Exercise objective =
Whatever lies between the line that holds "Các nguồn nước" and the final line of the records below, both included, should be repeated exactly; leave out the pictures and add nothing.

Raw data =

***

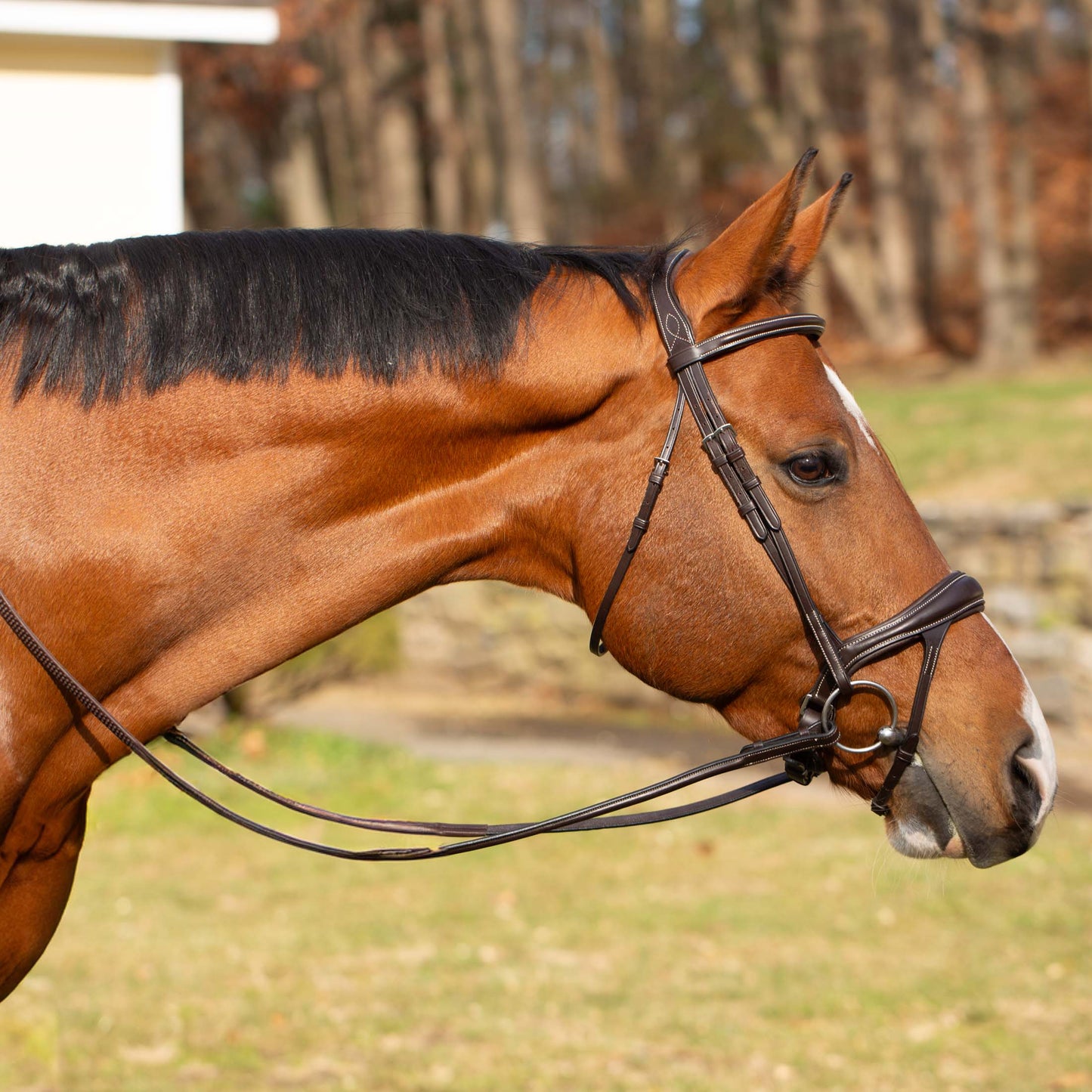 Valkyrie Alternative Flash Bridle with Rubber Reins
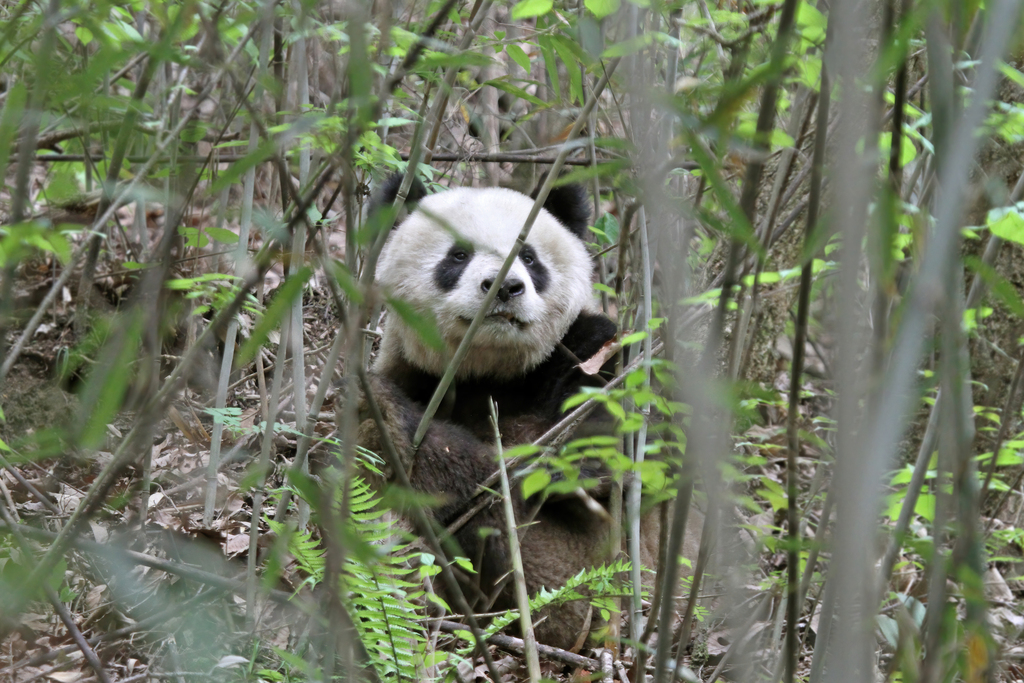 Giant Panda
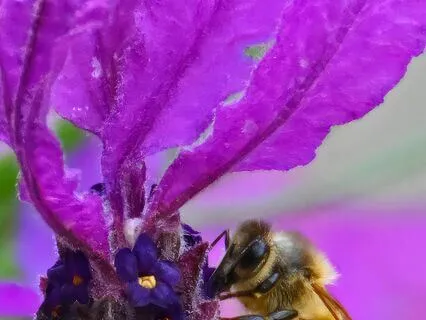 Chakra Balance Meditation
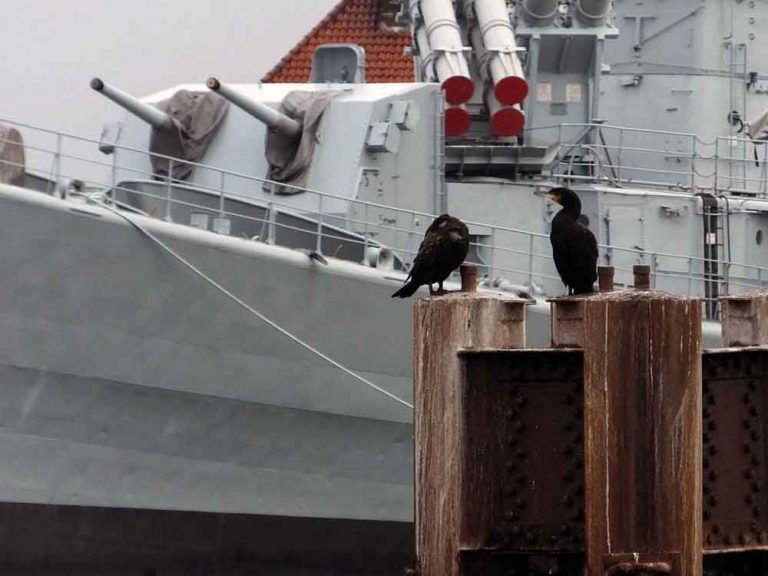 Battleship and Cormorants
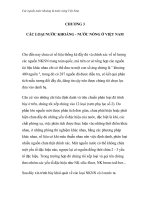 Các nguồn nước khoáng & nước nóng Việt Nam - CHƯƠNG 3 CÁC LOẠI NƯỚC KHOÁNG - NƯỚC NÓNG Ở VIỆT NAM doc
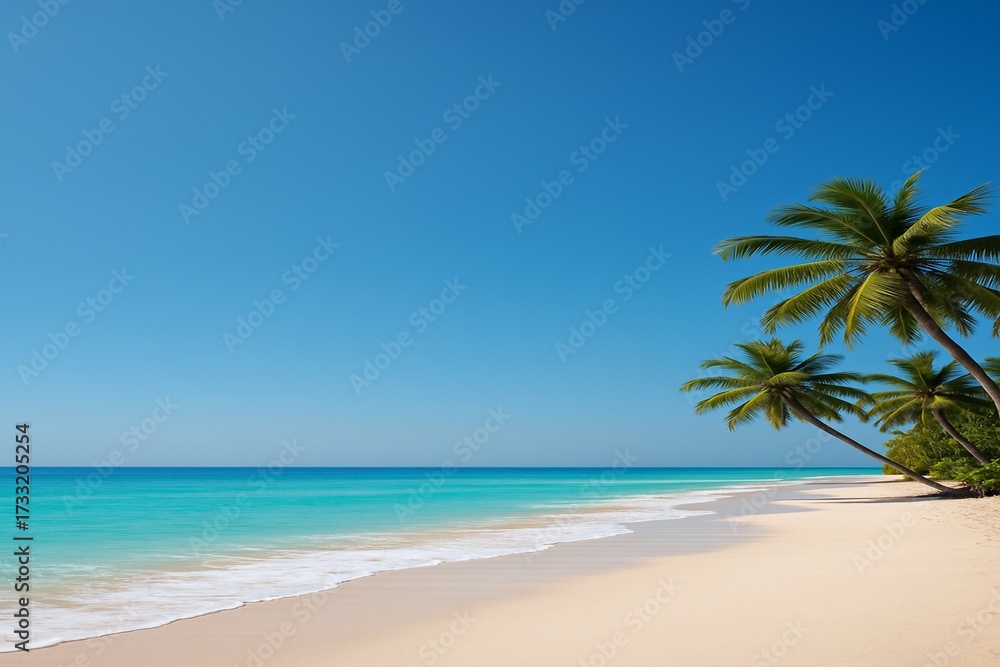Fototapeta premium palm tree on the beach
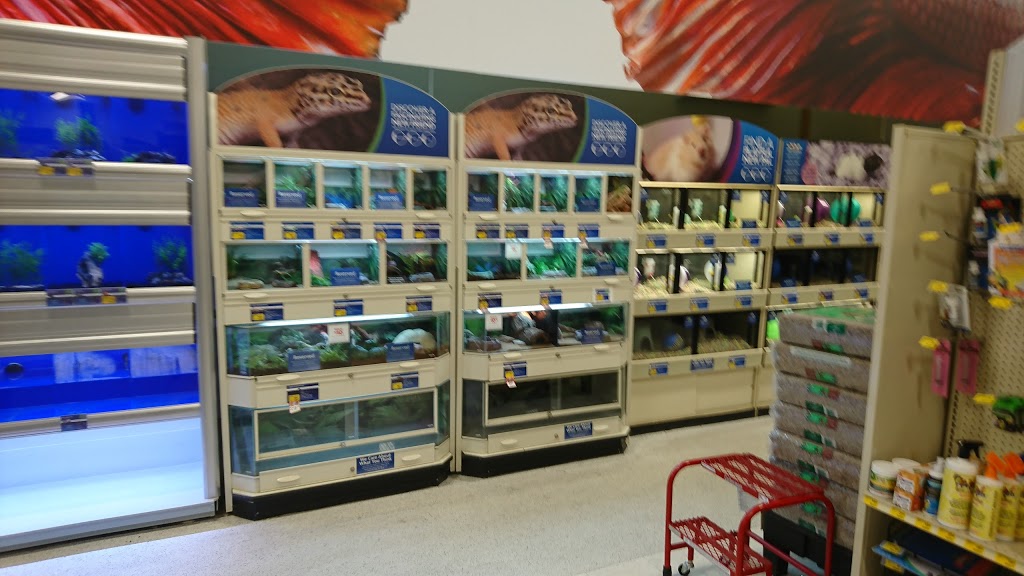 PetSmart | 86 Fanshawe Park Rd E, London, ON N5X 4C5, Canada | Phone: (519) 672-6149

***

Exercise answer =
 Các nguồn nước khoáng & nước nóng Việt Nam - CHƯƠNG 3 CÁC LOẠI NƯỚC KHOÁNG - NƯỚC NÓNG Ở VIỆT NAM doc
Fototapeta premium palm tree on the beach
 PetSmart | 86 Fanshawe Park Rd E, London, ON N5X 4C5, Canada | Phone: (519) 672-6149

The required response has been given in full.